7 Power to make orders

A court may, by making a suppression order or non-publication order on grounds permitted by this Act, prohibit or restrict the publication or other disclosure of—

(a)    information tending to reveal the identity of or otherwise concerning any party to or witness in proceedings before the court or any person who is related to or otherwise associated with any party to or witness in proceedings before the court, or

(b) information that comprises evidence, or information about evidence, given in proceedings before the court.

  1. Such a power conferred is not discretionary: Council of the New South Wales Bar Association v EFA (a pseudonym) at [218]; Rinehart v Welker (2011) 93 NSWLR 311; [2011] NSWCA 403 at [48] per Bathurst CJ and McColl JA.

  2. Section 8 specifies the grounds for making a suppression order. Relevantly for present purposes, it states:

8 Grounds for making an order

(1) A court may make a suppression order or non-publication order on one or more of the following grounds—

(a) the order is necessary to prevent prejudice to the proper administration of justice,

(c) the order is necessary to protect the safety of any person,

(e) it is otherwise necessary in the public interest for the order to be made and that public interest significantly outweighs the public interest in open justice.

(2) A suppression order or non-publication order must specify the ground or grounds on which the order is made.

  1. The ground relied upon in the present case is s 8(1)(c).

  2. In AB v CD (2019) 93 ALJR 321; [2019] HCA 6 at [15], Nettle J wrote in relation to when assessing whether an order is necessary to protect a person’s safety, the Court must be satisfied:

“…of the existence of a possibility of harm of such gravity and likelihood that, without the order sought, the risk of prejudice to the safety of the person would range above the level that can reasonably be regarded as acceptable.”

  1. In Brown (A Pseudonym) v R(No 2) [2019] NSWCCA 69 at [27], Payne JA, Johnson and N Adams JJ stated that the word “necessary” set a high threshold:

“Subsections 8(1)(a) to (e) specify a number of grounds upon which such an order can be made. All of them require that the order sought be “necessary” to protect an identified interest. The exceptional nature of the power and the high threshold imposed by “necessity” may be seen from the fact that it is not enough that it appears to the Court that the proposed order is convenient, reasonable or sensible: Rinehart at [31]; D1 v P1 [2012] NSWCA 314 at [48].

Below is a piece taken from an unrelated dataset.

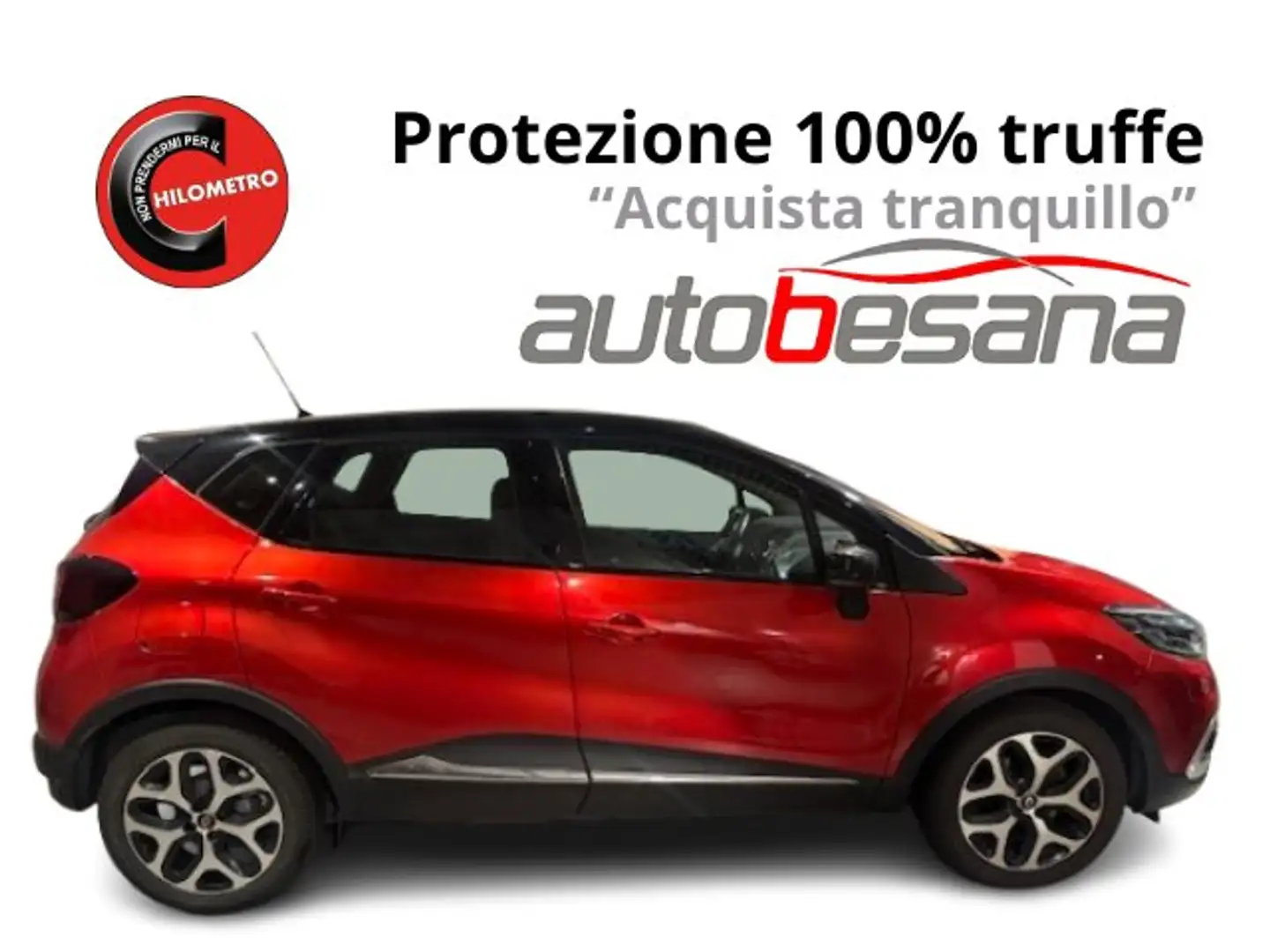 Renault Captur 1.5 dci Intens 110cv Rouge - 1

  1. In Council of the New South Wales Bar Association v EFA (a pseudonym), the Court wrote at [218] – [224]:

“Notwithstanding the use of the word “may” in s 7, the power conferred is not discretionary. Accordingly, once the necessity of an order for the relevant purpose is established, refusal to make the order is not an option.

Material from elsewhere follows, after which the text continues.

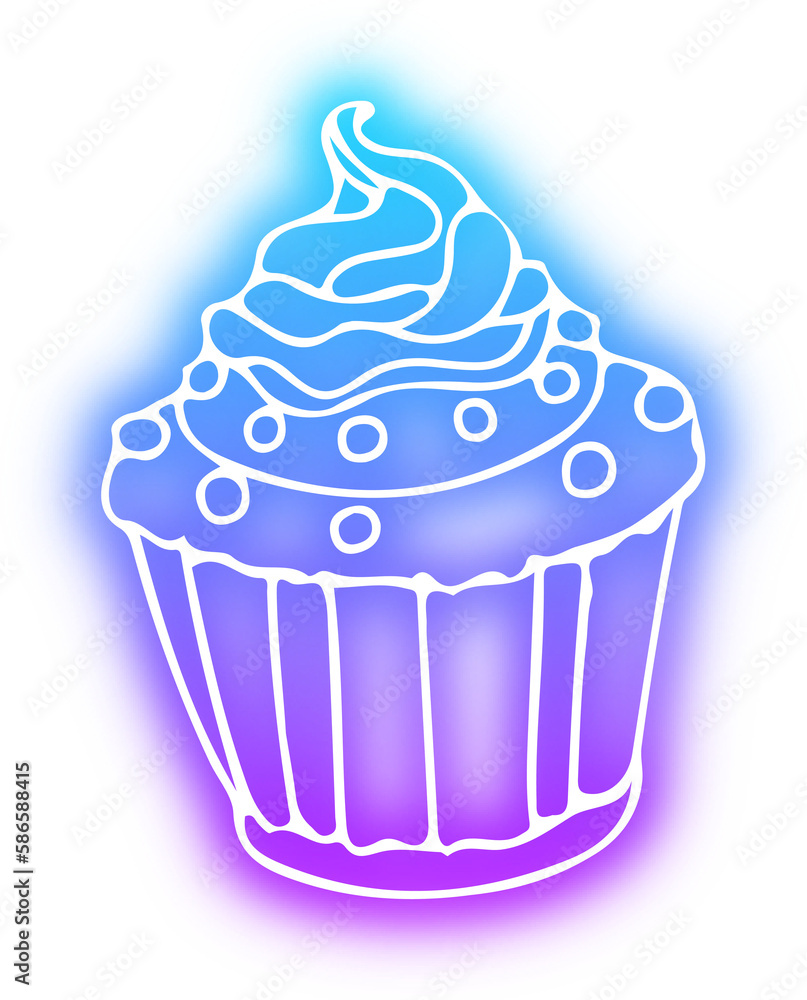 Set of dessert neon Set of dessert neon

That raises the question of what amounts to a “necessity”. In Fairfax Digital Australia & New Zealand Pty Ltd v Ibrahim [2012] NSWCCA 125, in the context of the Non-publication Act, Basten JA said:

“46. The meaning of ‘necessary’ depends on the context in which it is used. In s 8(1), it is used in relation to an order of the Court, or, in practical terms a proposed order, because it identifies a standard as to which the Court must be satisfied before making an order. In each paragraph of that provision, the word ‘necessary’ is used to describe the connection between the proposed order and an identified purpose. It may not take the same place on the variable scale of meaning in each case. In paragraph (a) a purpose of the order will be ‘to prevent prejudice to the proper administration of justice’. That language will, in its turn, have a colour which will depend upon the circumstances. The prejudice may be a possibility or a certainty; its effect, if it eventuates, maybe minor or it may cause a trial to miscarry. Similarly, prevention will involve matters of degree; the proposed order may diminish the risk of prejudice or it may obviate the risk entirely. All of these variables may effect what is considered ‘necessary’ in particular circumstances.”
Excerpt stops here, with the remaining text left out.